Now the store has more than 300 Harmons’ brand products, with more being developed all the time. While many private-label items from other chains are bargain priced, Harmons offers two tiers of products that cater to different shoppers. The premium line focuses on quality and is comparably priced with leading product brands, while the value tier offers consumers excellent food at a better value.
“Harmons is known for fresh foods and things they do from scratch like in the bakery, deli and meat departments,” Welch says. “The private-label program for Harmons is the way to bring the center store up to the level we’ve set on the perimeter of the store.”
In the past, a private-label product was considered “generic” or not the same quality as the name brands. With Harmons, Welch says the reverse is true. The private-label products are believed to be as high quality, if not higher, as the other brands carried by the store.
For example, the Harmons brand now includes cage-free eggs. In the fall, its Omega-3 brown eggs will also be cage free. By 2020, Harmons will offer only cage-free eggs in its stores.

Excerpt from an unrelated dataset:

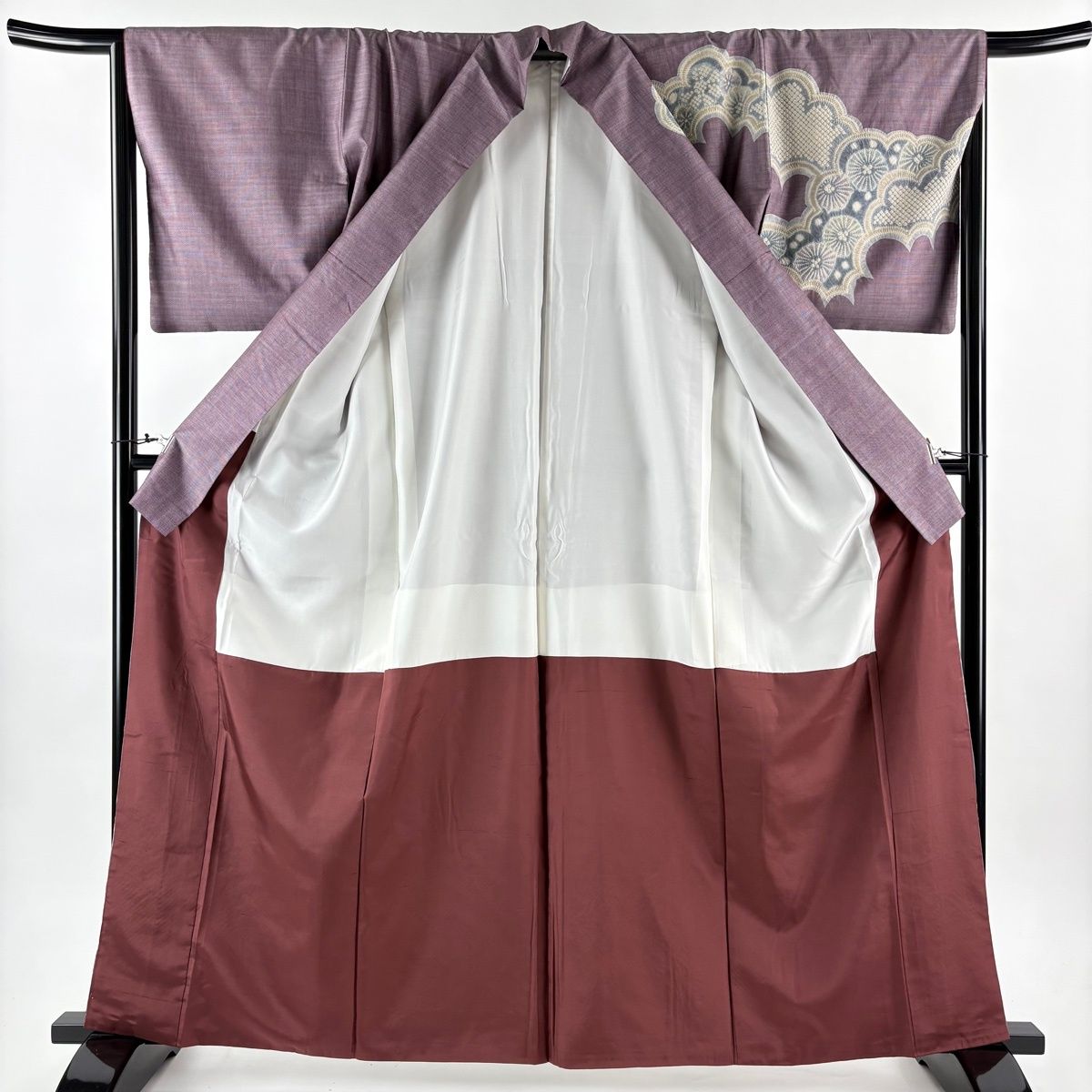 美品】 訪問着 身丈163cm 裄丈66cm M 袷 紬地 袋帯セット 花 雲文 絞り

The store is also a big proponent of providing sustainable seafood. Its canned albacore is certified as sustainable and its skipjack tuna product is in the process of being certified. Through a partnership with Monterey Bay Aquarium Seafood Watch, Harmons provides shoppers with information on how to find the best seafood for their tables.
A labeling program, based on the Seafood Watch criteria, deems seafood as the best choice (green), a good alternative (yellow) or seafood to avoid (red). It’s the company’s goal to help customers find seafood that is farmed or caught in ways that are well-managed and cause little harm to the environment. In the future, Harmons has stated that all its seafood will be from sustainable sources.

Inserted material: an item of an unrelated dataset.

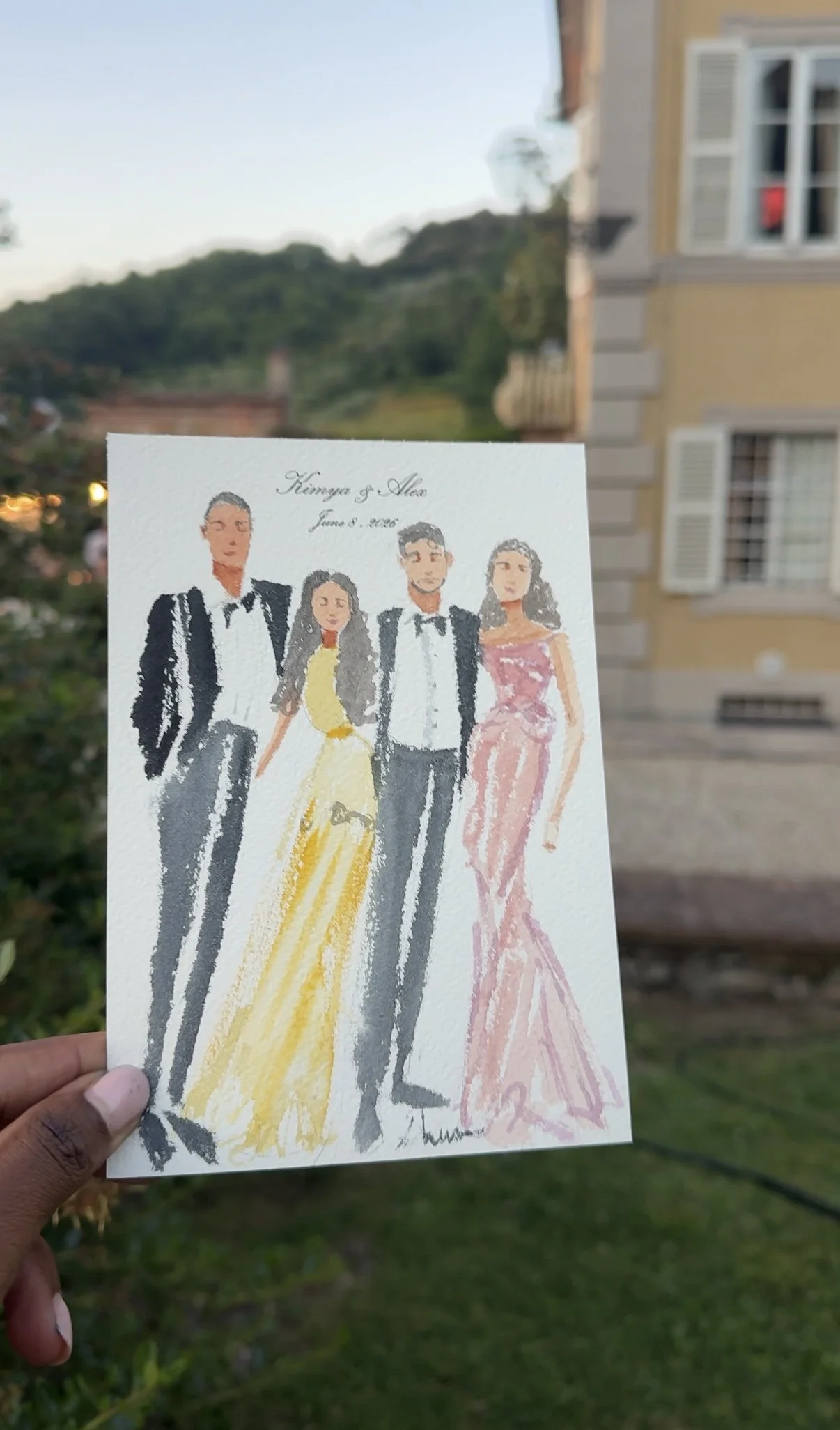 An italy live wedding portrait watercolor painting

Partnering with local farms and businesses is important to Harmons. Currently, the store gets water, honey, pasta, cheese, tortilla and eggs from Utah sources for its private-label brand. “Sometimes quality may take us to California or other states, but whenever we can partner with a local vendor, that’s an additional benefit,” he says. “As we’ve grown, we’ve gotten better at being involved with local brands.”
Marketing to Customers
After all the time finding, obtaining and creating the private-label products, the real test came when it was time to get the items into shoppers’ grocery carts.
To encourage customers to purchase Harmons brand products, the stores held tasting events, product launches and asked for detailed feedback from shoppers. The store’s food club program, Foodie Club, was also used as a way to get Harmons products into the hands of consumers. As shoppers earned points, they were rewarded with items from the private-label brand.
Welch, who started as a bagger at Harmons when he was 16, says the company is dedicated to its values of integrity, community, tradition and quality, and that shoppers should expect even more innovative products and services in the years to come.